--- Instructions for the task ---
Do not copy the pictures. Write out the lines from the start of the entries through the line containing "Toprak ile su".

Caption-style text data
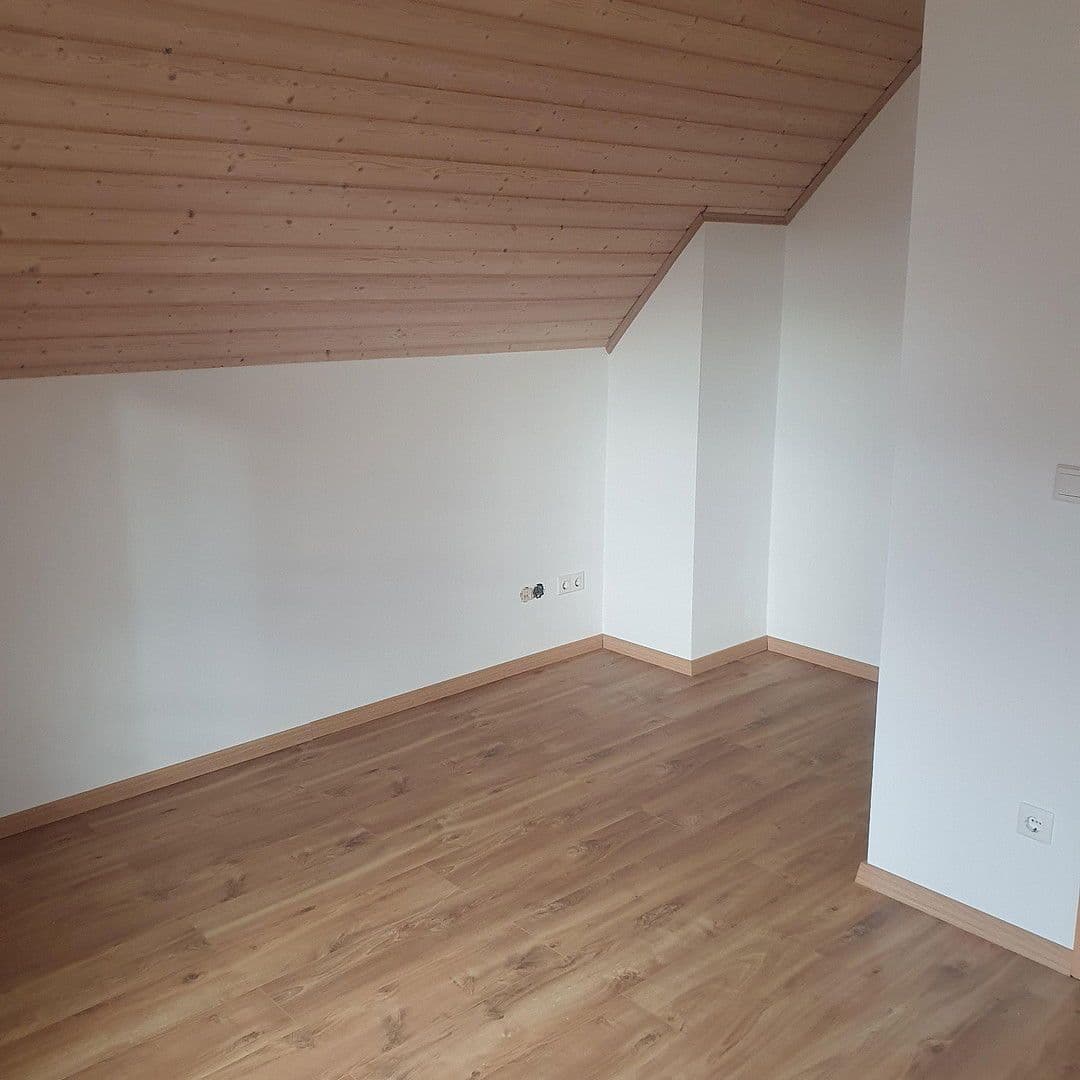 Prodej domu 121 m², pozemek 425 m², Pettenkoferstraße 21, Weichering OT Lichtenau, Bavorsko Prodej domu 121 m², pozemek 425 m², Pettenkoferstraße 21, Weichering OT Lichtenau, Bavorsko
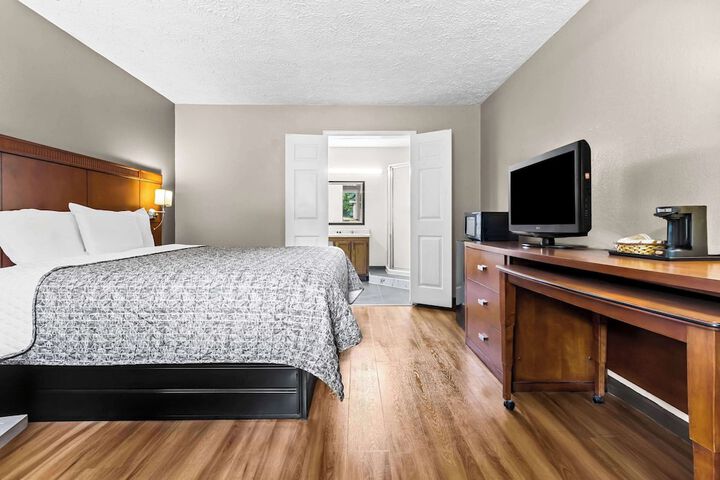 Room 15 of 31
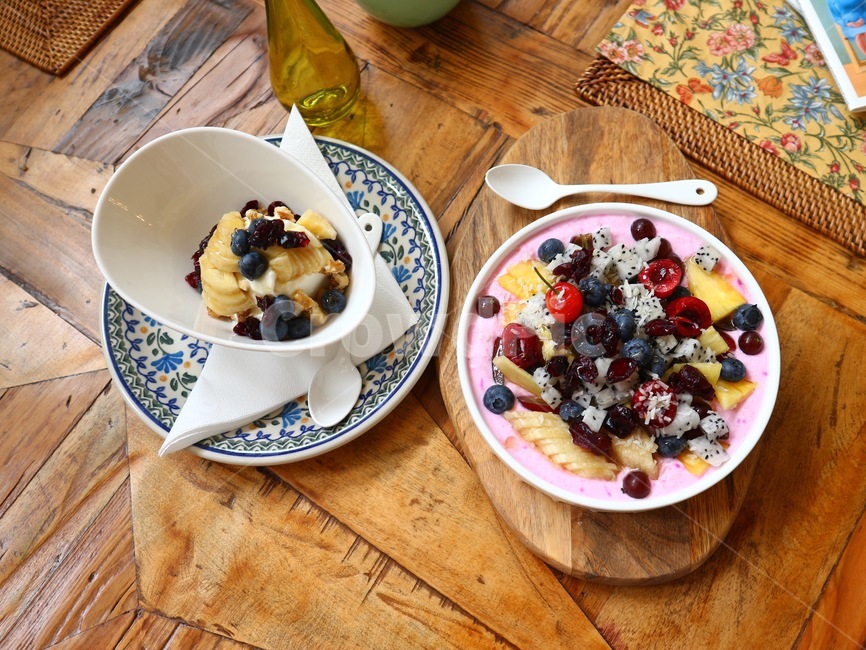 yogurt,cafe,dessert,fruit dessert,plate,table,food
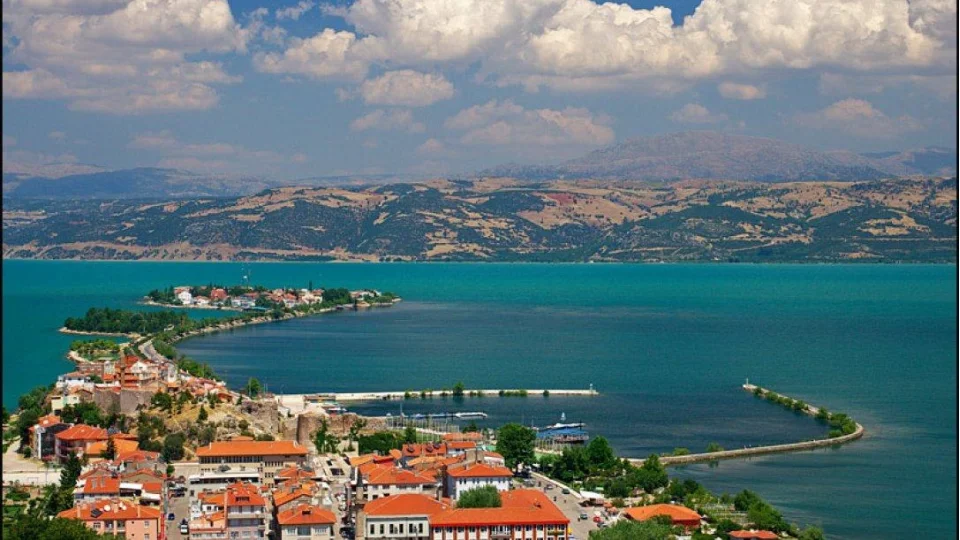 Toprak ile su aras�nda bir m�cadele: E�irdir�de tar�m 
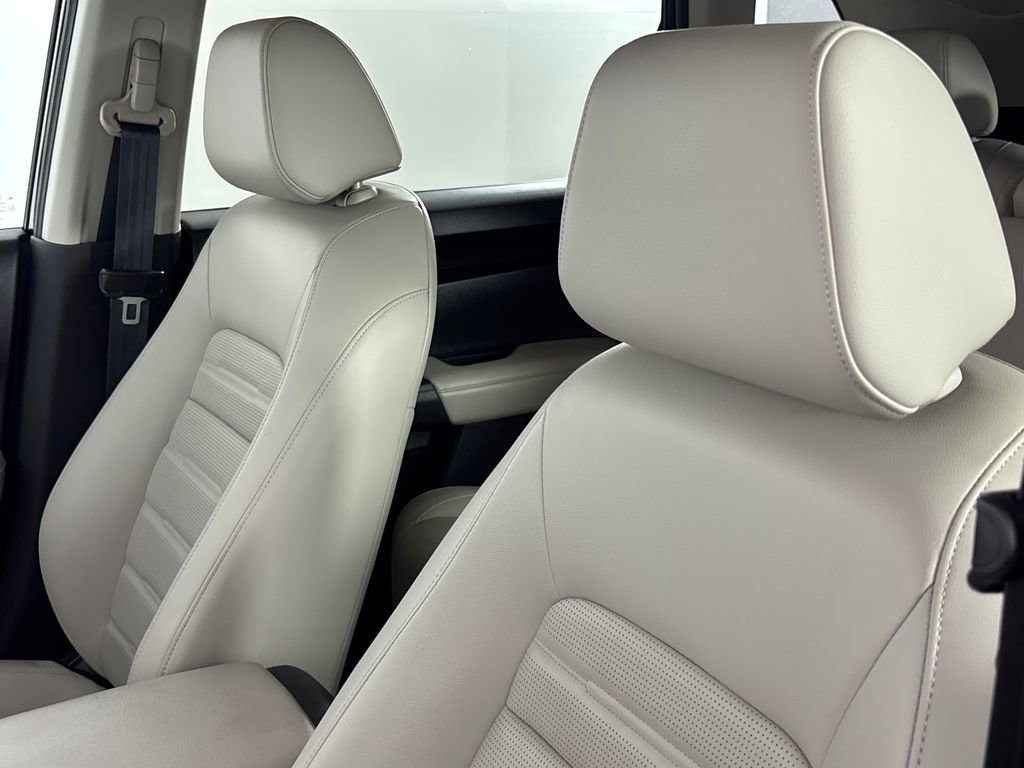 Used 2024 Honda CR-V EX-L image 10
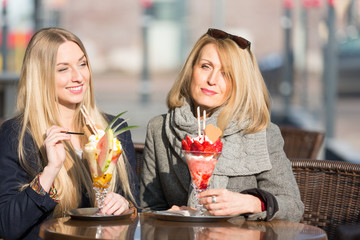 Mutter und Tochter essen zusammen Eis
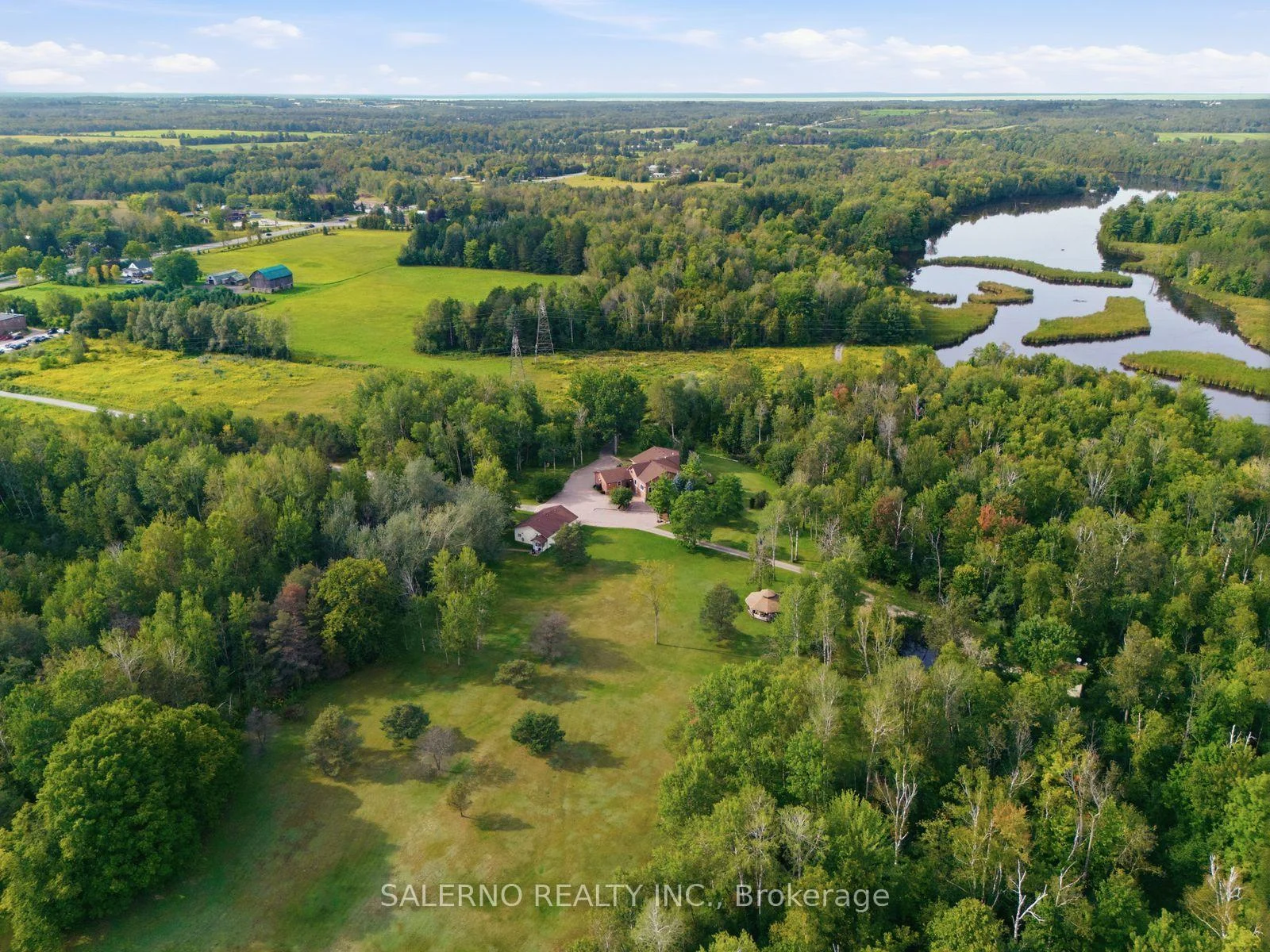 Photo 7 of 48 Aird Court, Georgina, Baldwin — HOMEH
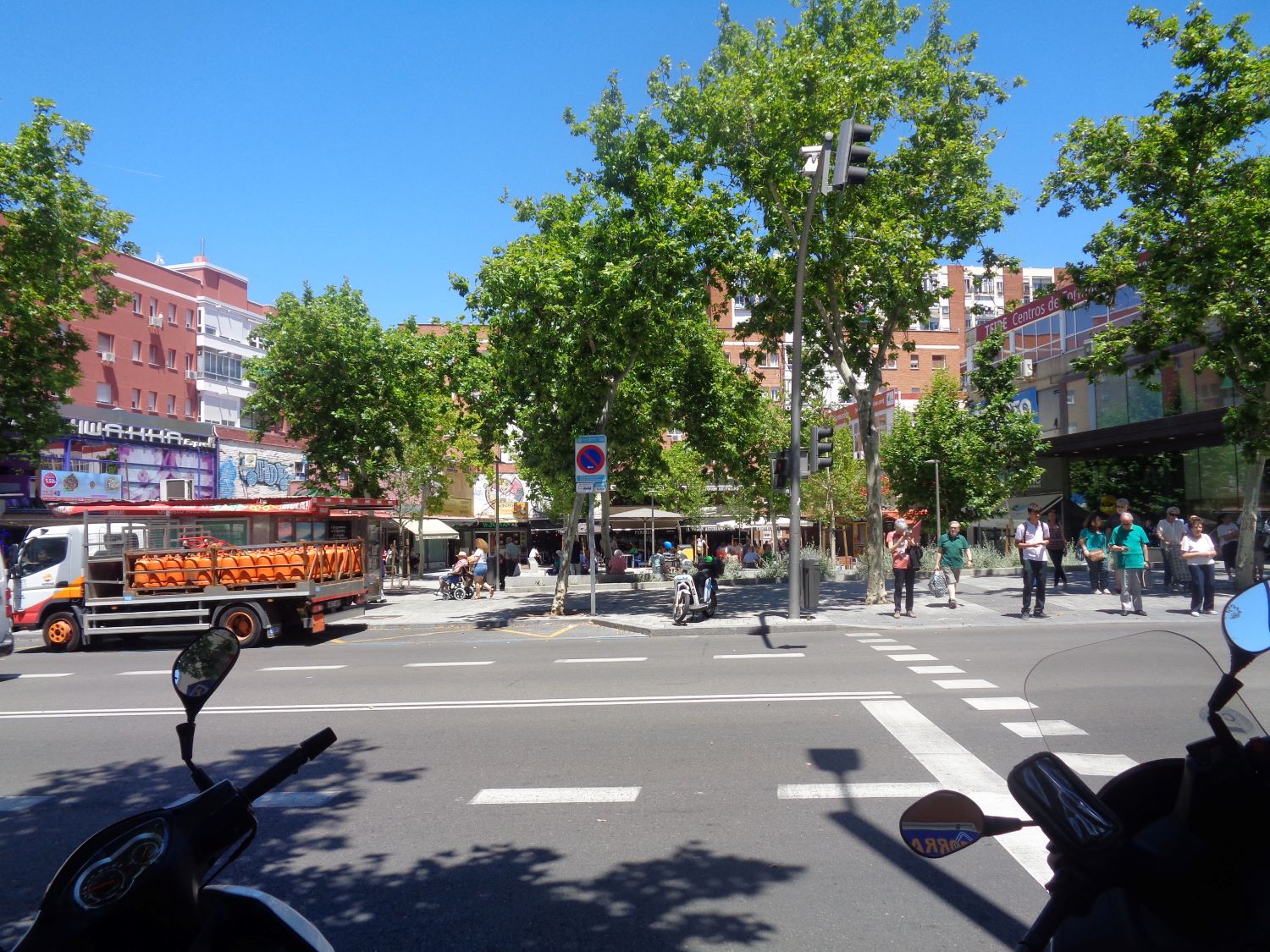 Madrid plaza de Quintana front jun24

--- Task output ---
 Prodej domu 121 m², pozemek 425 m², Pettenkoferstraße 21, Weichering OT Lichtenau, Bavorsko Prodej domu 121 m², pozemek 425 m², Pettenkoferstraße 21, Weichering OT Lichtenau, Bavorsko
 Room 15 of 31
 yogurt,cafe,dessert,fruit dessert,plate,table,food
 Toprak ile su aras�nda bir m�cadele: E�irdir�de tar�m 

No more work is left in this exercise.